MongoDB supports something called index prefix. When having an index on multiple fields (a compound index) we can use any prefixes of that index in our queries. So, a prefix of a compound index is any subset that consists of at least one key (in the correct order of appearance).
db.phoneBook.createIndex( { name:1, email: 1, phoneNumber: 1, address: 1 } )
In the above code, the following prefixes are available:
{ name: 1 } { name: 1, email: 1 } { name: 1, email: 1, address: 1 }
As you can see, the order of appearance is important. The following examples are some invalid prefixes (prefixes which will not exist in our example):
*{ name: 1, email: -1 } { name: 1, address: 1 }
* We cannot change the sort order of our defined index in the prefix
Like queries, sort operations can use the prefix as well. So the following queries and sort operations can use the defined index using prefixes:
db.phoneBook.find().sort( { name: 1 } ) db.phoneBook.find().sort( { name: -1 } ) db.phoneBook.find().sort( { name: 1, email: 1 } ) db.phoneBook.find().sort( { name: -1, email: -1 } ) db.phoneBook.find().sort( { name: 1, email: 1, phoneNumber: 1 } ) db.phoneBook.find().sort( { name: -1, email: -1, phoneNumber: -1 } ) **db.phoneBook.find({name: “John”}).sort( { name: 1, email: 1 } )
** The index prefix in the query predicate can be different from the prefix in sort.
We can also use a non-prefix subset of the index in our sort, if and only if the query includes EQUALITY conditions on all prefix keys that precede the sort keys.

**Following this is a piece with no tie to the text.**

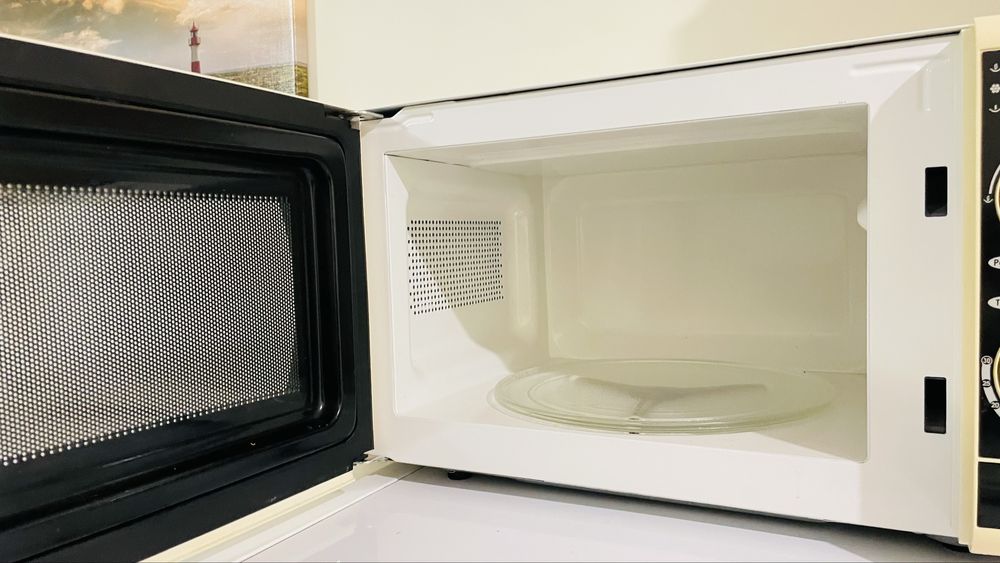 Микровълнова фурна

db.phoneBook.find({name: “John”}).sort( { email: 1, phoneNumber: 1 } ) db.phoneBook.find({email: “[email protected]”, name: “John”}).sort( { phoneNumber: 1 } ) ***db.phoneBook.find({ name: “[email protected]”, email: “[email protected]”, phoneNumber: {$lt: 555555555} }).sort( { phoneNumber: 1 } )
*** As you can see, only the index fields PRECEDING the sort subset must have equality conditions in the query document and the other index fields may have other conditions. Here because name and email are the only fields preceding phoneNumber, only these two fields must have equality conditions.
I know this post turned to be a long one, but I want to talk about two things before ending the post. These two things are called Partial Index and Sparse Index. These two directly affect the performance costs for index creation and maintenance.
Partial Index
Since indexed documents are also stored in RAM, there might be conditions in which lots of documents are stored in RAM and this can take a huge amount of RAM. Sometimes most of these documents will not match our conditions. So, instead of indexing all documents, we can index those documents that most likely show up in our results. For example, in a movies database application, there are times when only those movies with a rate of at least 3.5 are desired. Instead of indexing all movie documents, we can create a partial index to only index documents with a rate of at least 3.5.
db.movies.createIndex( { name: 1, duration: -1 }, { partialFilterExpression: { rate: { $gte: 3.5 } } } )
The above code will create a compound index that indexes only documents with rate field of greater than or equal to 3.5.
Sparse Index
Sparse index, indexes only those documents that have the indexed field, even if the indexed field contains a null value. Sparse indexes, will not index documents missing the indexed field.
db.phoneBook.createIndex( { city: 1 }, { sparse: true } )
The above example creates a sparse index on city field of phoneBook collection and will not index documents missing city field.
We can think of Partial Index as a superset of Sparse Index.